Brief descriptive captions
*-*-*

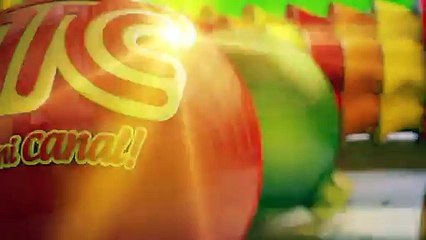 Celia - Martes 8 de diciembre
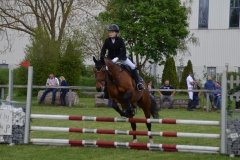 2019-Vereinsmeisterschaft-0123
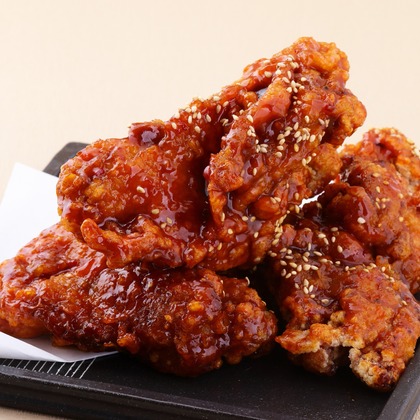 森安　照が撮影した「:albumName」の写真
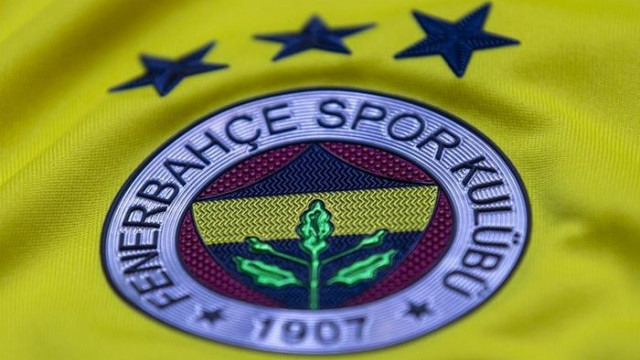 Fenerbahçe'den Tahkim Kurulu'nun kararına tepki
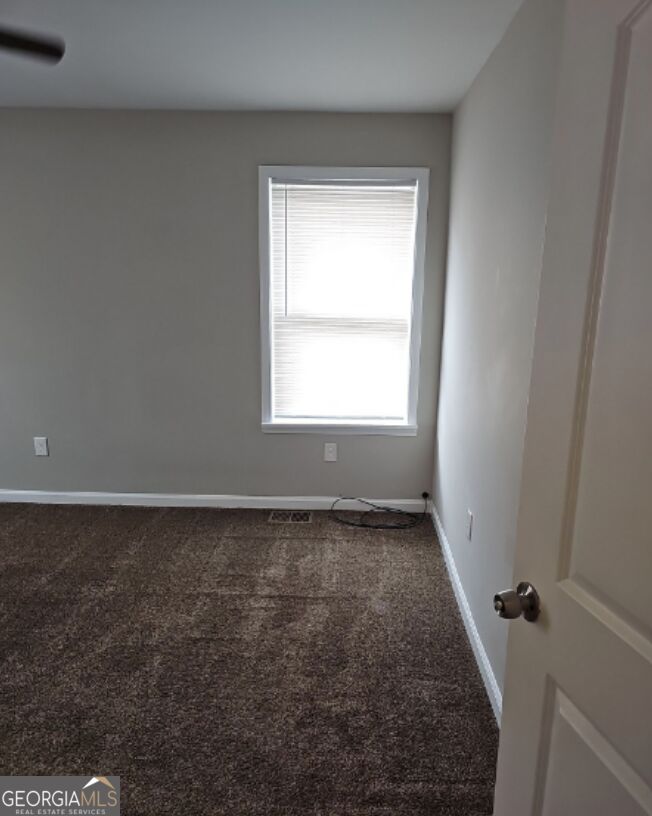 200 Wrightsburg Way Property Photo 24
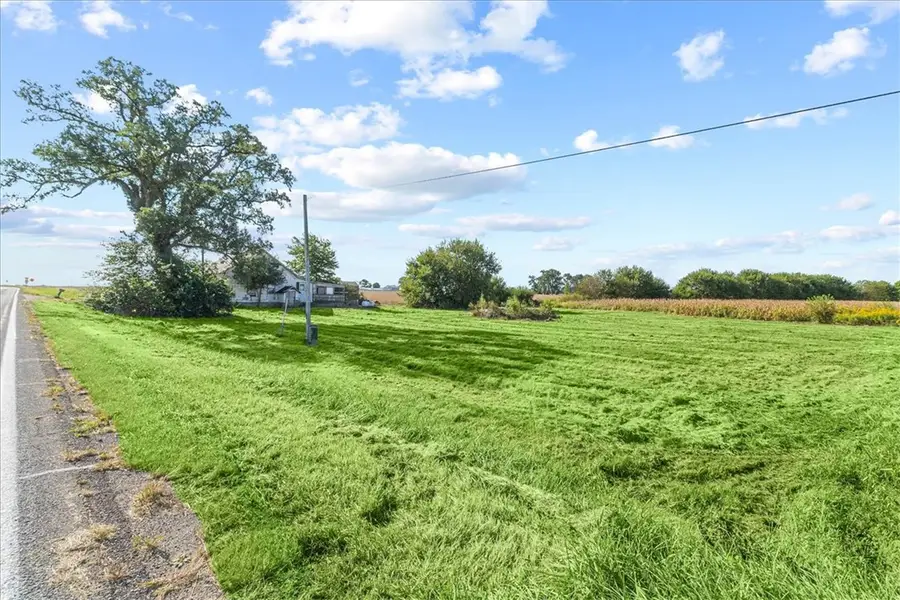 3024 N State Route 559, Woodstock, OH 43084 - #3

*-*-*

In your answer, print the entries above exactly, with the pictures left out.

**Task response**
 Celia - Martes 8 de diciembre
 2019-Vereinsmeisterschaft-0123
 森安　照が撮影した「:albumName」の写真
 Fenerbahçe'den Tahkim Kurulu'nun kararına tepki
 200 Wrightsburg Way Property Photo 24
 3024 N State Route 559, Woodstock, OH 43084 - #3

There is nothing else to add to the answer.